With our daughter, the loss wasn’t quite as sudden. We found out at fourteen weeks that she had swelling in her lymphatic system, then found out a few days later that she had Trisomy 13. We found out that same day that she was a girl. An ultrasound with the specialist a few days later showed growth in the swelling, and a confirmation that we would likely lose her sooner rather than later. We lost her just three short days after. We chose to do a D&C, just to get it over with, and the recovery was easy. The first funeral home we called could do a cremation for us, and it didn’t take much thought to know we wanted to spread her ashes on her brother’s grave. We hadn’t even bought anything for her.
Finding out we were pregnant the third time was a complete surprise. I went in for a follow up ultrasound for an ovarian cyst, and was pleasantly surprised to find out that the cyst had gone, but a baby had appeared. We hadn’t expected to get pregnant that quickly, but we felt like maybe it was meant to be. Unlike our second pregnancy, we let ourselves get excited from the very beginning. They always say “third time’s the charm” and we knew it was applicable then. At least until I went to the bathroom five days later and found that I was bleeding.
We got to see our baby’s heartbeat one last time that day. It was still so strong. We never got to hear it, but at least we got to see it again.
In comparison, you’d think the third loss would have been the easiest, and in some ways, it has been. But after stacking three losses on top of each other, it feels a bit like I’m drowning and can’t get my head above water. I read stories of parents that lock their children in the trunks of their cars, or in basements. Parents that abuse their children or leave their babies to die in plastic bags. It makes me wonder why these people get to be parents when they clearly don’t deserve to be. Why can’t we, the mothers who would love our babies to no end, be parents instead of those people? Why can’t we have these babies instead, and save them from a life of hurt?

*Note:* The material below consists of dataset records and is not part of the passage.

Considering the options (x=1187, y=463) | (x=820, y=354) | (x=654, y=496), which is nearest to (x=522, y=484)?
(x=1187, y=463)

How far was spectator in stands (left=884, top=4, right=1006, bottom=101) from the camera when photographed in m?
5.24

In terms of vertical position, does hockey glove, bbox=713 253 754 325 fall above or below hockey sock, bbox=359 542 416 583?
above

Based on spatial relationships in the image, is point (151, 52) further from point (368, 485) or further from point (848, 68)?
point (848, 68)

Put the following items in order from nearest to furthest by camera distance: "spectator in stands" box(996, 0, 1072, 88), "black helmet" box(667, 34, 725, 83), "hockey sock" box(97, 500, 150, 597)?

I know I am not the only one that has lost more than one baby. And I know there are women who have lost one or a few, only to be told that they should not or cannot try for a baby anymore. That’s crappy, and it’s unfair. Every pregnant woman we see is like a punch to the gut. Not that you aren’t excited for them, but I know you can’t help but wonder why they are worthy and you are not.
But here’s the thing, sweet mama. You are worthy. All of us in this loss community are worthy. It’s not hard to tell that you are, and always have been, a mother at heart. You care for people, you are kind to people, and you have more than enough love to spread around. No one would deny that you are meant to be a mother, and no one would deny that you already are. Whether you had a few gestational weeks, a few minutes on Earth with your baby, or just dreams to one day get pregnant, you are still a mother. The love you have for the child you lost or the child that has yet to come to you will never go away, and that’s what makes you a mother.

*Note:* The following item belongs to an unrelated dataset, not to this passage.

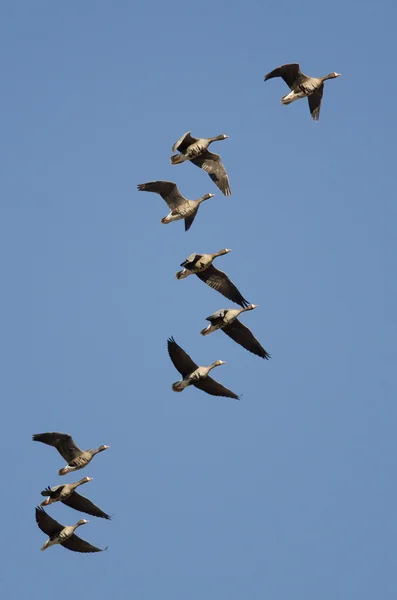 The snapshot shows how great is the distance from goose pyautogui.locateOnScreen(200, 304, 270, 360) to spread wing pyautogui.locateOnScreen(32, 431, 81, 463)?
5.91 metres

It takes a special, strong kind of person to love their babies from afar, and to love them so fiercely, when all you have is their memory. You love them as much as any mother loves her child; it is shown through your words, your actions, and the way you allow yourself to remember them.
I know it feels like you are drowning. Every brick that gets laid on top of you makes life heavier, and makes it harder to want to live through. But you can do it, mama. It won’t be easy, and the hurt will never go away, but mothers are strong, and loss moms are even stronger. Keep going. Keep breathing. You don’t have to do it for yourself, but do it for your children. I know, after all, that they are your reason for everything.